## ASSIGNMENT
The only acceptable reply is the number of lines in the material below that hold "Then".

## DATA
◆ ◆ ◆ ◆

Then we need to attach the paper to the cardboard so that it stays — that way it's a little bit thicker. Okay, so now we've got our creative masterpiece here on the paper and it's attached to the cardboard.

◆ ◆ ◆ ◆

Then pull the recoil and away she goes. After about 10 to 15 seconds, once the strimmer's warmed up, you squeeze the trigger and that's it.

◆ ◆ ◆ ◆

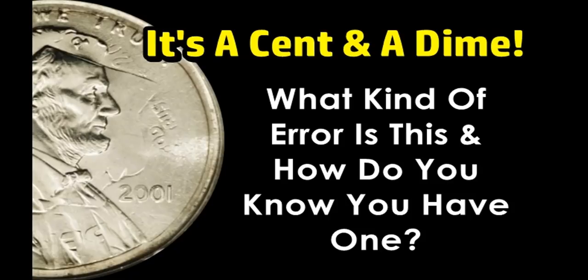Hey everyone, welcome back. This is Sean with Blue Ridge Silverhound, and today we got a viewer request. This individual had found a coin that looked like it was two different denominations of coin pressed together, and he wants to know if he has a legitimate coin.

◆ ◆ ◆ ◆

## EXPECTED ANSWER
2